Holiday shopping helped out as well, the company said, as gross merchandise volume hit $4.46 billion, up 115% year-over-year and a 65% increase just from the September quarter. The active-user count reached 11.2 million, up 150% from December 2020 and a 29% rise from the prior quarter. And, as might be expected, the active merchant count exploded, rising from 7,900 a year ago to 168,000 in the latest quarter. “We just posted an incredible quarter for growth,” said chief financial officer Michael Linford during the earnings call.
And Amazon hasn’t fully kicked in yet, Levchin said, as Affirm is “moving beyond the testing phase” with the e-commerce behemoth. Excluding Amazon altogether, he said, Affirm’s volume still doubled from the year-earlier quarter.
If there’s a shadow cast over Affirm these days, it’s an inquiry initiated by the Consumer Financial Protection Bureau into the BNPL business. In December, the agency issued a demand letter to Affirm and five other BNPL providers—Afterpay Ltd., Klarna AB, PayPal Holdings Inc., and Zip Co.—seeking information about the potential for overspending by consumers, among other concerns.

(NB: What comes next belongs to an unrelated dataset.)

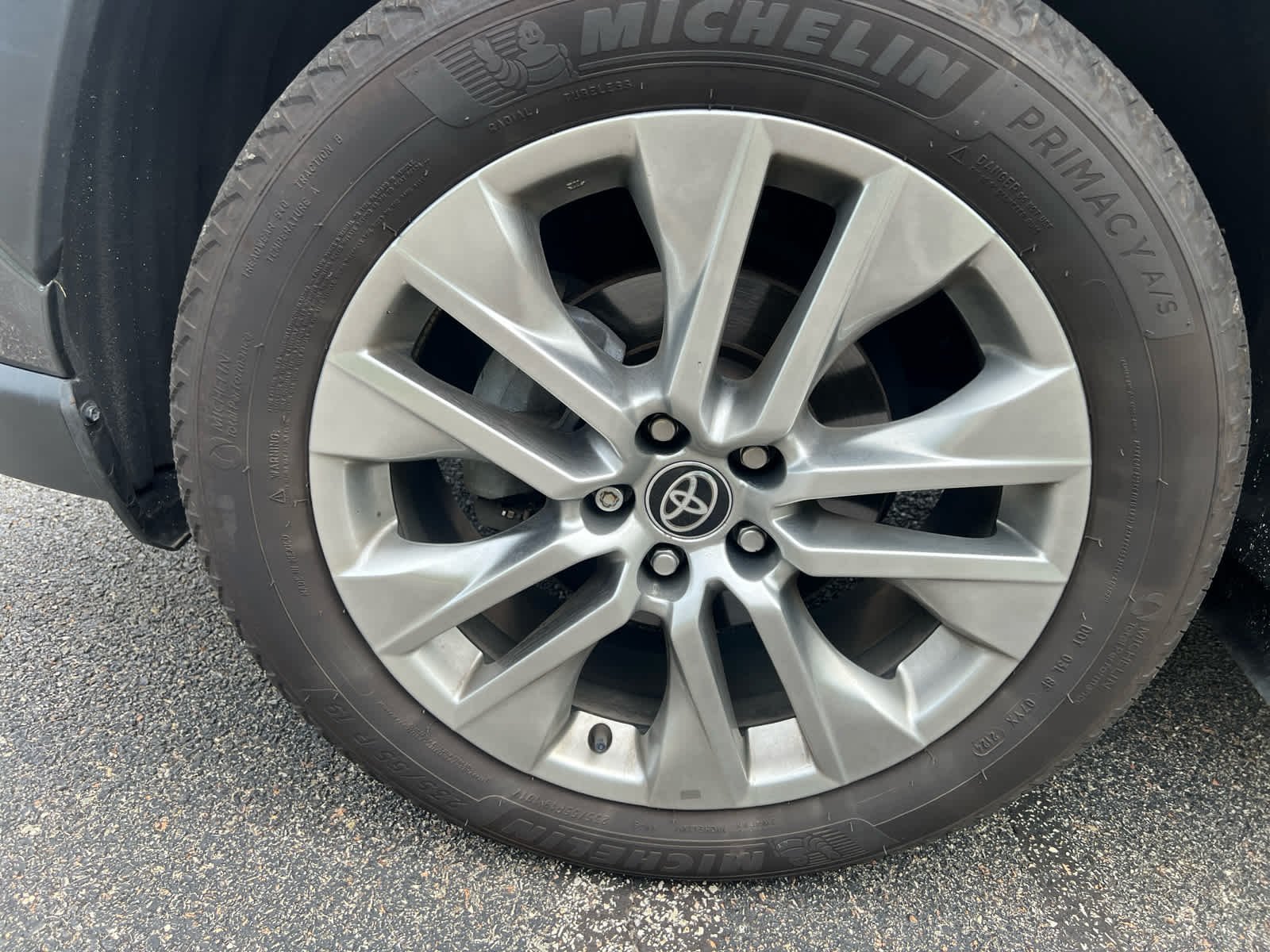 Certified Used 2024 Magnetic Gray Metallic Toyota XLE Premium image 14
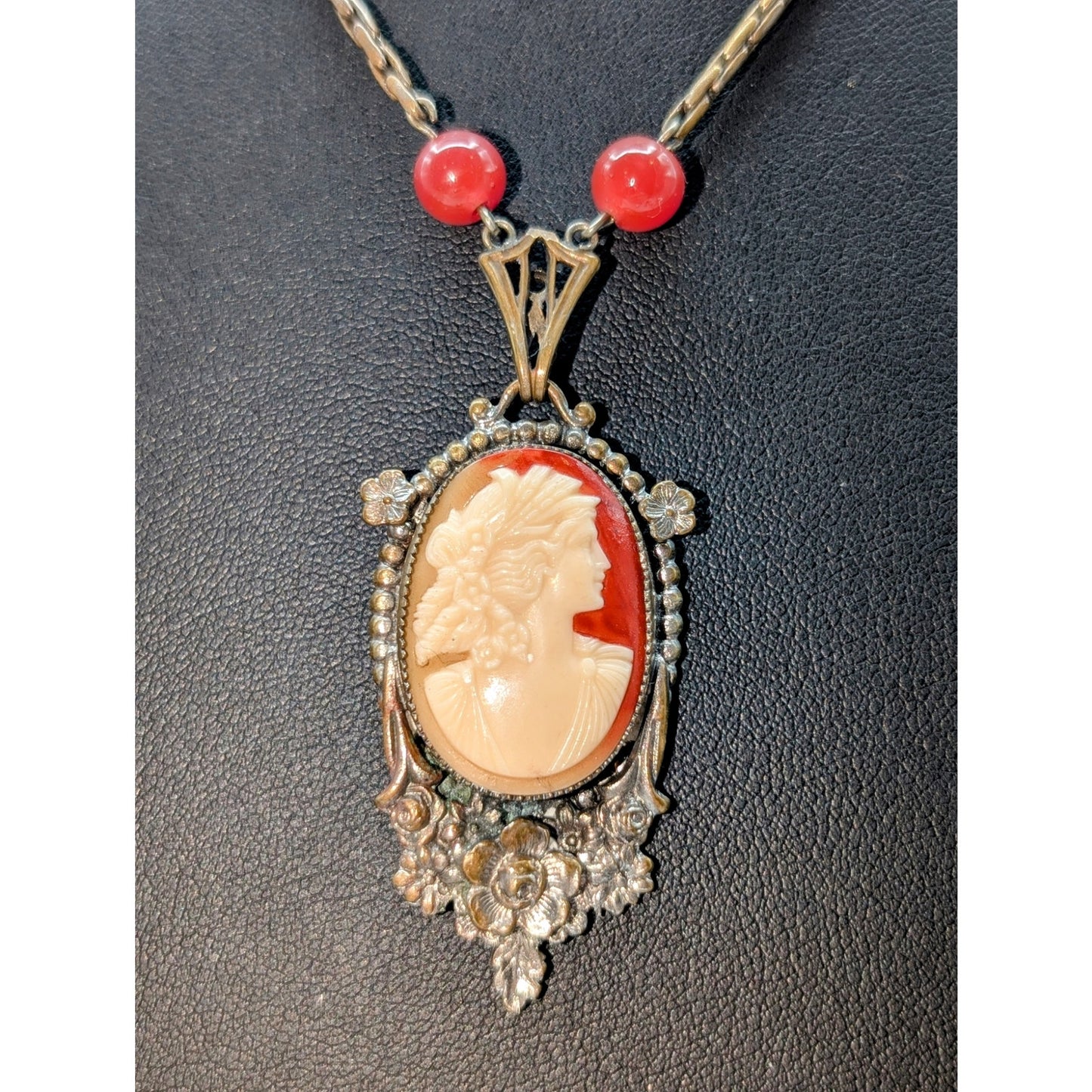Art Deco Carved Cameo Glass Bead Ornate Floral Work Bronze Chain 17" Necklace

Levchin told analysts on Thursday’s call that “it’s not for us to comment on [the CFPB’s] work,” but added, “we have a very high moral ground in our approach to this business.” The letter, he added, was a “detailed request for information,” which he said Affirm will provide by the agency’s March 1 deadline. But one part of the letter, he said, was easy to address. “There was quite a lot of requests for fees charged,” he said. “We filled that out with zeroes—we don’t charge [consumer fees].” For now, he added, “it’s too early to tell what the future looks like [with the CFPB probe]. We’re happy to engage.”
Still, Affirm pays close attention to user growth, Levchin pointed out, because “the pricing power of a network is directly proportional to the number of users. That’s the reason we are so consumer-focused.” That focus, he said, allows Affirm to deliver business to merchants, which are expected “to pay for that [network] appropriately.”

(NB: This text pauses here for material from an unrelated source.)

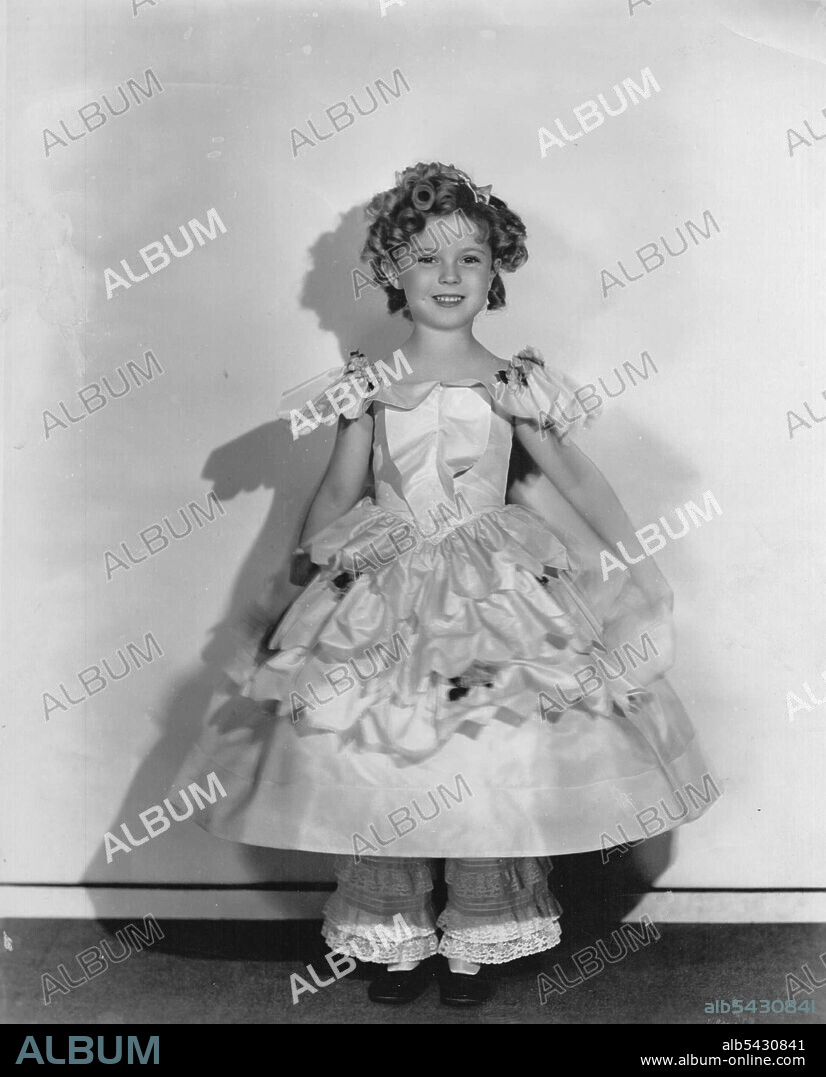 SHIRLEY TEMPLE in THE LITTLE COLONEL, 1935, directed by DAVID BUTLER. Copyright 20TH CENTURY FOX.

Despite the upbeat news regarding user growth, Wall Street punished the company late Thursday for missing expectations for loss per share and for a lower-than-expected projection for third-quarter revenue. Affirm’s stock plunged 21% for the day to close at $58.68. For the quarter, Affirm recorded revenue of $361 million, up 77% year-over-year and a 34% leap from the September quarter–and also above analysts’ consensus estimate of $332.5 million. But its third-quarter projection of $325 million to $335 million fell short of the consensus projection of $334.8 million.